Bateman also directs the first two episodes, and has a knack for juggling times and moods without causing confusion – maybe a few foreshadowings are too blatant, though that might be a plot-point, as the detectives wonder whether they’re being led into traps by the killer. Mendelsohn, one of the best and most versatile utility actors of the current generation, has a rare low-key straight leading role, surrounded by others who get to be stranger than him. It’s early days, but the first two episodes definitely sink in the hook…
Final reaction: series 1
The arrival of Erivo’s Holly Gibney in episode three of The Outsider significantly changes the mood and tone of the serial, culminating in an on-the-nose statement about the supernatural villain (“an outsider knows an outsider”) that positions the psychic if troubled sleuth as a force of light equivalent to the shapeshifting serial killer.

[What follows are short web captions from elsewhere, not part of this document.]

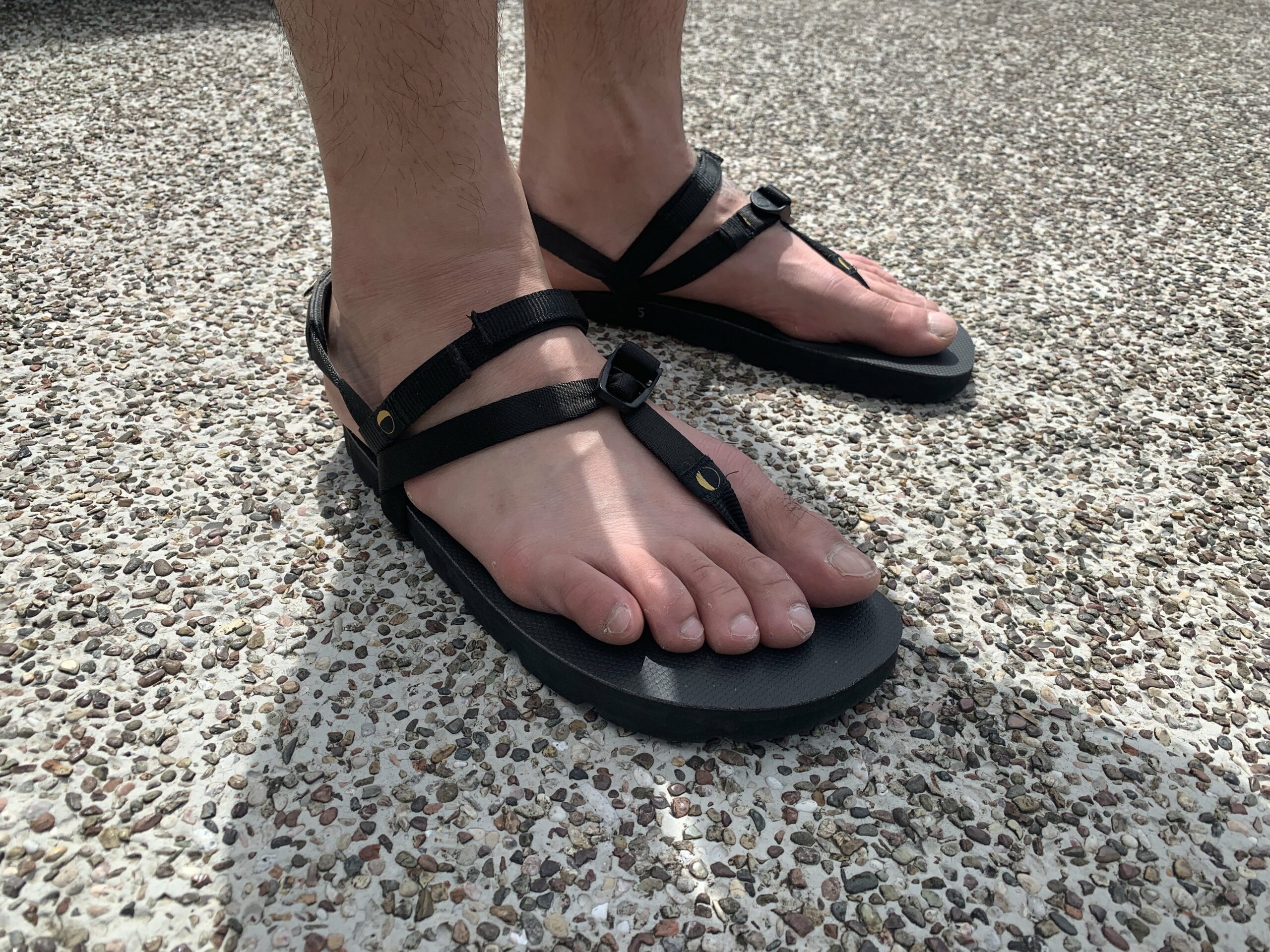 LUNA Mono Gordo 2.0 Sandals Review - Alex Kwa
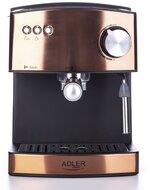 Adler AD 4404 Eszpresszó Kávéfőző - Réz
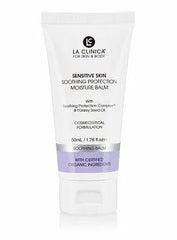 La Clinica Sensitive Skin Soothing Protection Balm anti-inflammatory properties,cosmeceutical ingredients,issues,La Clinica Sensitive Skin SoothingProtection Balm,skin care balm,Skin Soothing Protection Balm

The casting of Considine makes more sense as his initially incidental character comes to the fore in later episodes – with the actor doing secondary duty as a new incarnation of the monster, rising to the occasion when the shapeshifting demon is trapped with the posse of monster hunters and has to talk with them rather than just rip them up. In later episodes, as Price calls in Dennis Lehane for script assist, there is a dancing-around the supernatural which is King’s purview but fresh territory for these policier noir specialists, and maybe the series doesn’t quite bare its fangs to follow through on the cosmic threat implicit in the mere existence of the philosophically challenging culprit at the end of the whodunit.

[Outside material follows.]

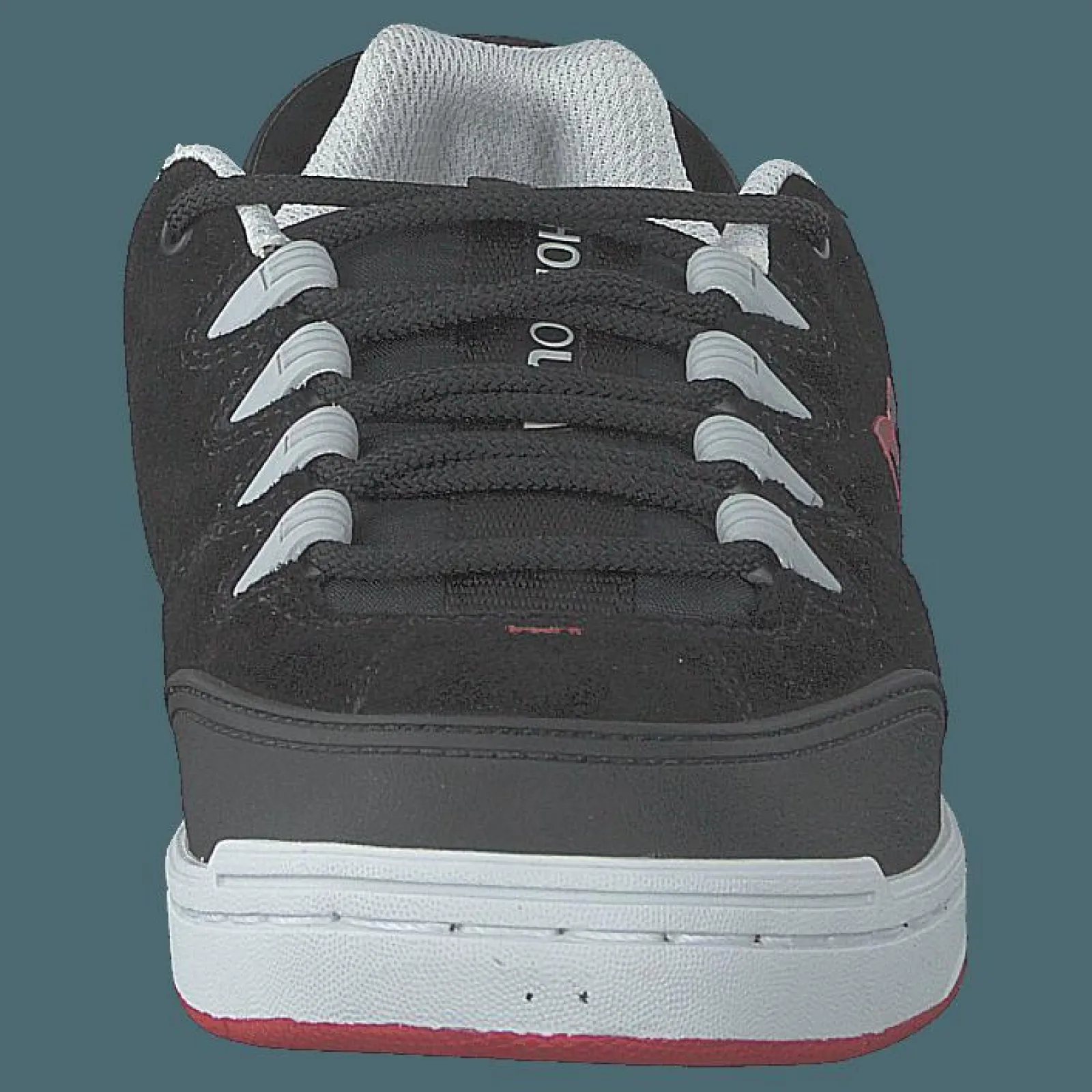 DC Shoes Syntax Black/grey/red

Just as a lot of TV cops prefigure Mendelsohn’s low-key, angst-ridden Detective Anderson, there have been quite a few quirky-to-the-point-of-clinical-insanity puzzle-solving geniuses on the Sherlock Holmes model in television lately – with Hugh Laurie’s House even getting in the game before Benedict Cumberbatch and Jonny Lee Miller did actual Holmeses. Erivo’s Holly is engagingly odd, but plainly set to be the ‘Agent Cooper’ of this franchise-in-the-making… stress-tested by this case, but awake to the possibility that there are other monsters out there for possible future seasons.
The other significant character who emerges later in the serial is Anderson’s unstable colleague Jack Hoskins (Marc Menchaca), pulled off his hunting trip when Anderson has to take officially-mandated leave in the wake of a traumatic incident, and co-opted by the monster as his equivalent of Dracula’s minion Renfield. That’s an archetype King has played with previously in several characters (most obviously ‘Mr Straker’ in Salem’s Lot, once played to perfection by James Mason).
It’s a measure of the show’s consistent tone – breathless, numbed, slightly underplayed, with people reacting believably to evidence that accumulates suggesting the impossible can’t be ruled out – that a whispery ghost relationship develops between Holly and Hoskins, who arrive late but become mirror antagonists even to the extent of teasing that she’s worried she’s prone to the stigmata (a severely blotchy neck) which marks Hoskins as the monster’s creature.